Given data:

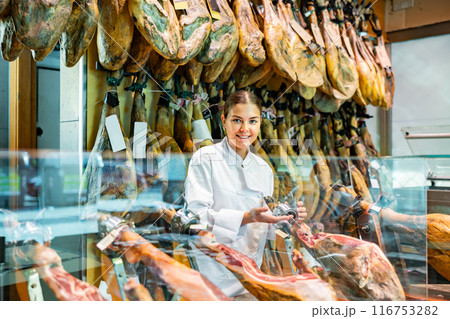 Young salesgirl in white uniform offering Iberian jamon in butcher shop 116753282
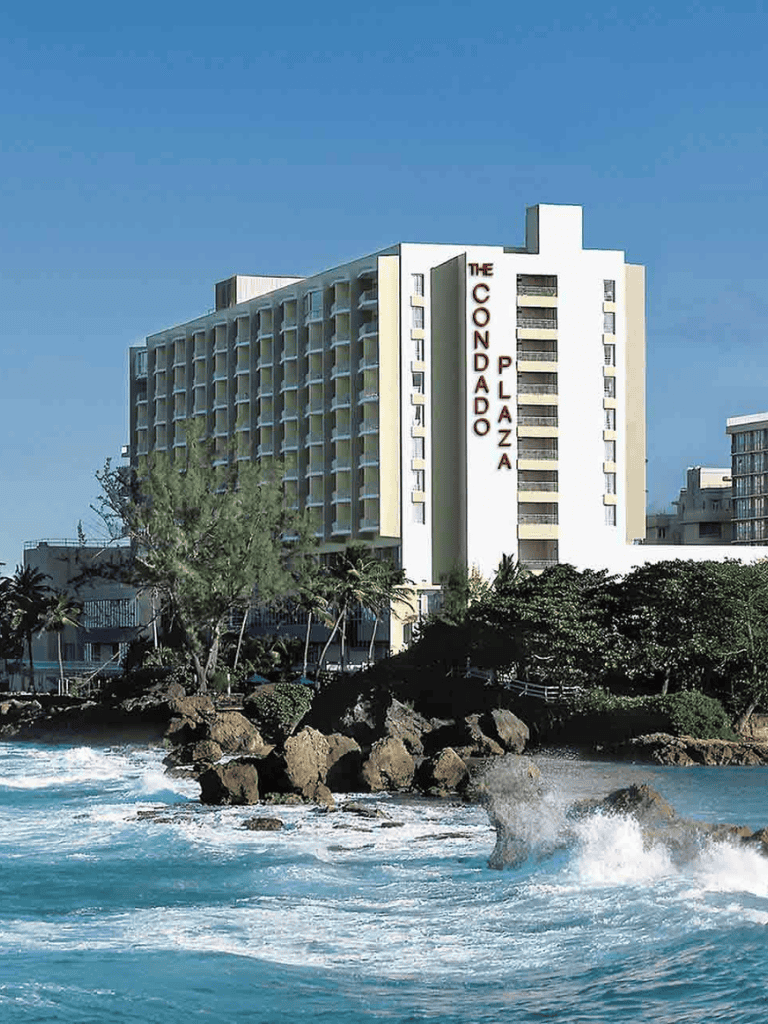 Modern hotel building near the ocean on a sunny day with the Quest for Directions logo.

==

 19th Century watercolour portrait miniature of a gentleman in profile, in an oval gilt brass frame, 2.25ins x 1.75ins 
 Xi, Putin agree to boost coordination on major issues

--

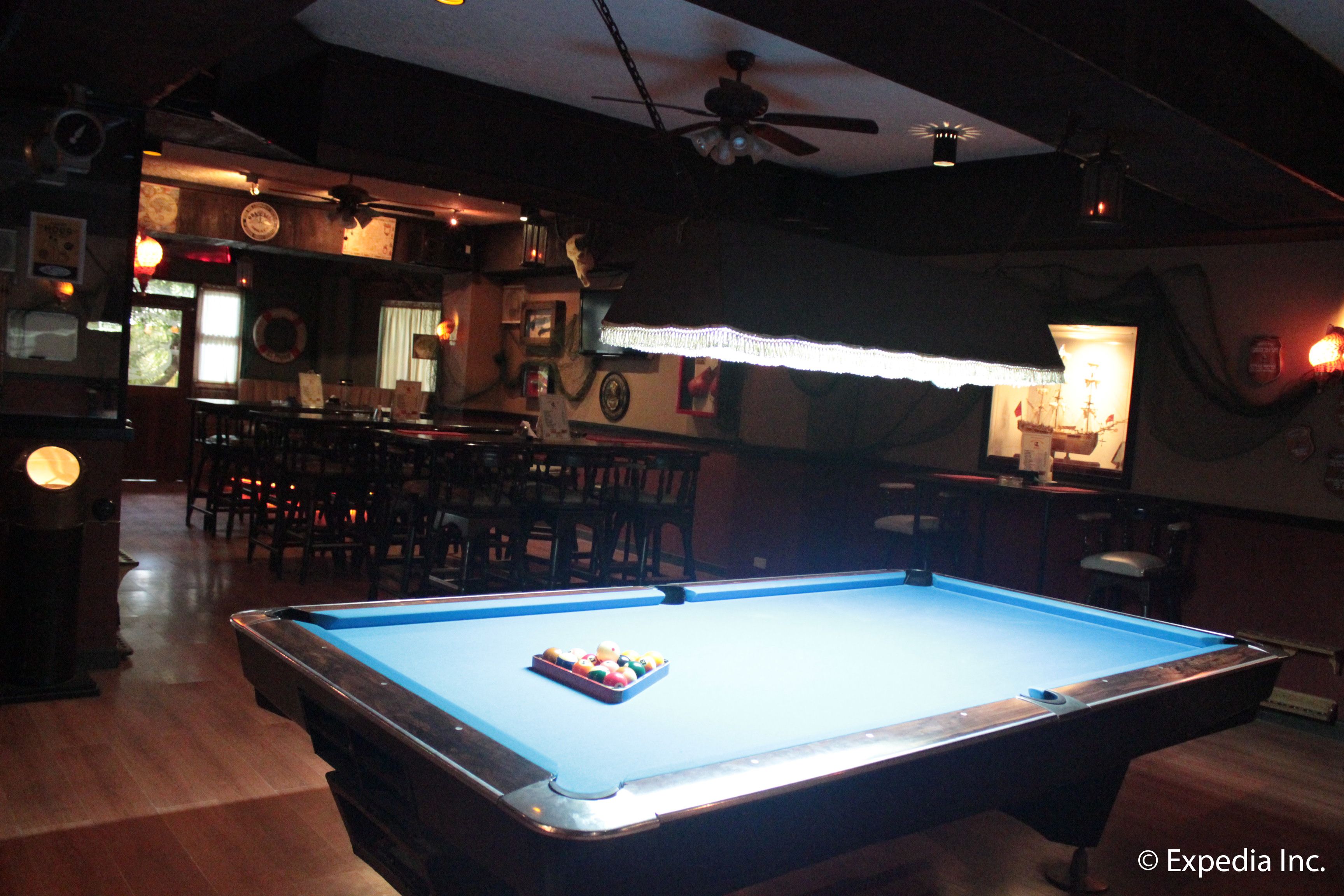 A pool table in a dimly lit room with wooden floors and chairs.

Your assignment:
Copy word for word the lines of the records above from the one with "Young salesgirl in" up to and including the one with "Modern hotel building". Skip the pictures.

Expected output:
 Young salesgirl in white uniform offering Iberian jamon in butcher shop 116753282
 Modern hotel building near the ocean on a sunny day with the Quest for Directions logo.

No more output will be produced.